━━ Data for processing ━━

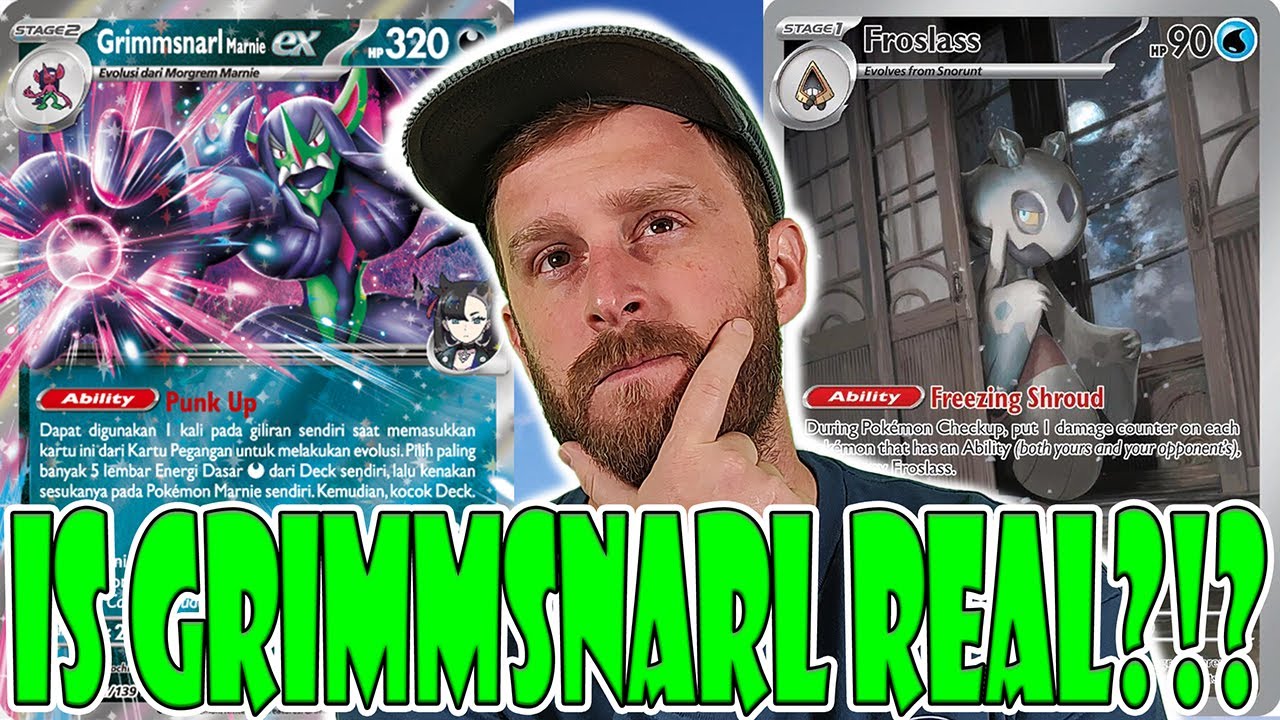 MARNIE'S GRIMMSNARL MIGHT BE THE BEST NEW DECK FROM DESTINED RIVALS!!!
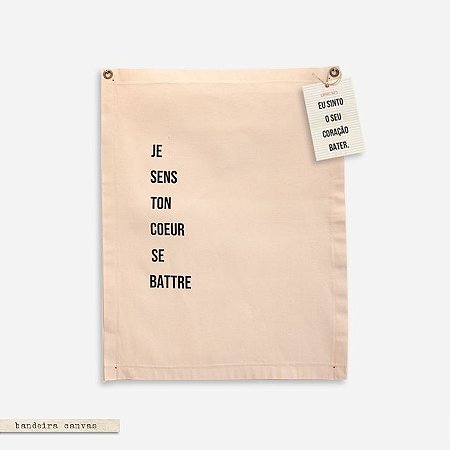 Canvas - Je Sens Ton Coeur Se Battre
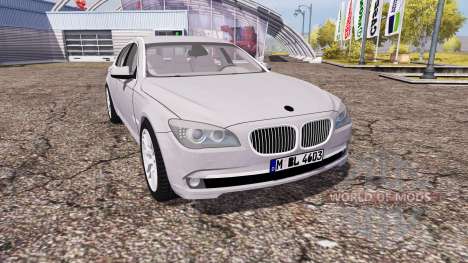 BMW 750Li (F02) pour Farming Simulator 2013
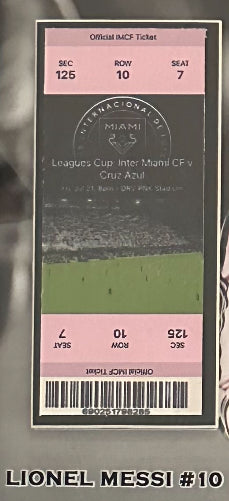 Lionel Messi Inter Miami Soccer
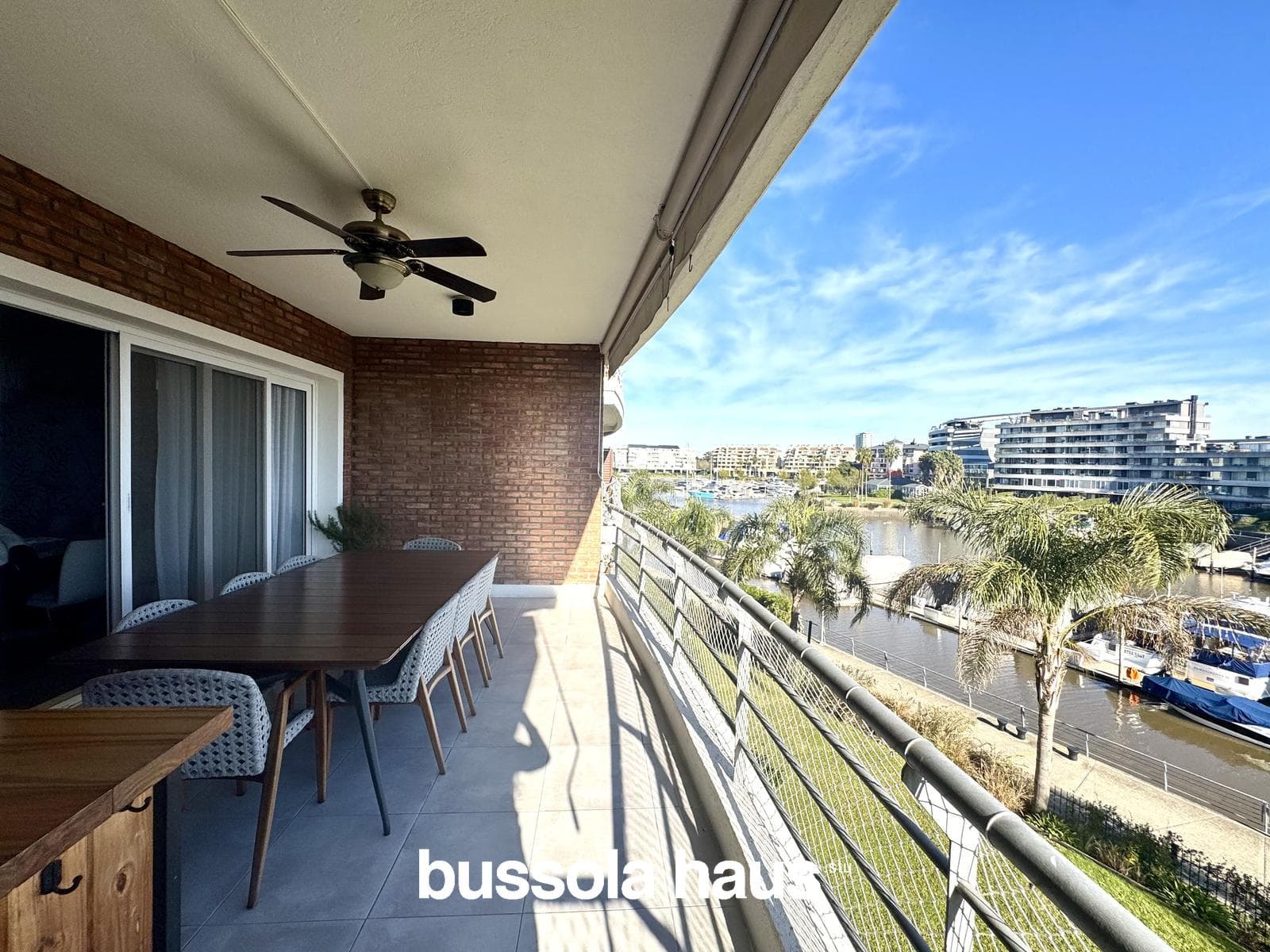 3-Bedroom Apartment for Sale, River View with Nordelta Amenities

━━━

*Prompt:* From the first record to the last, copy everything exactly except the pictures.

*Written response:*
 MARNIE'S GRIMMSNARL MIGHT BE THE BEST NEW DECK FROM DESTINED RIVALS!!!
 Canvas - Je Sens Ton Coeur Se Battre
 BMW 750Li (F02) pour Farming Simulator 2013
 Lionel Messi Inter Miami Soccer
 3-Bedroom Apartment for Sale, River View with Nordelta Amenities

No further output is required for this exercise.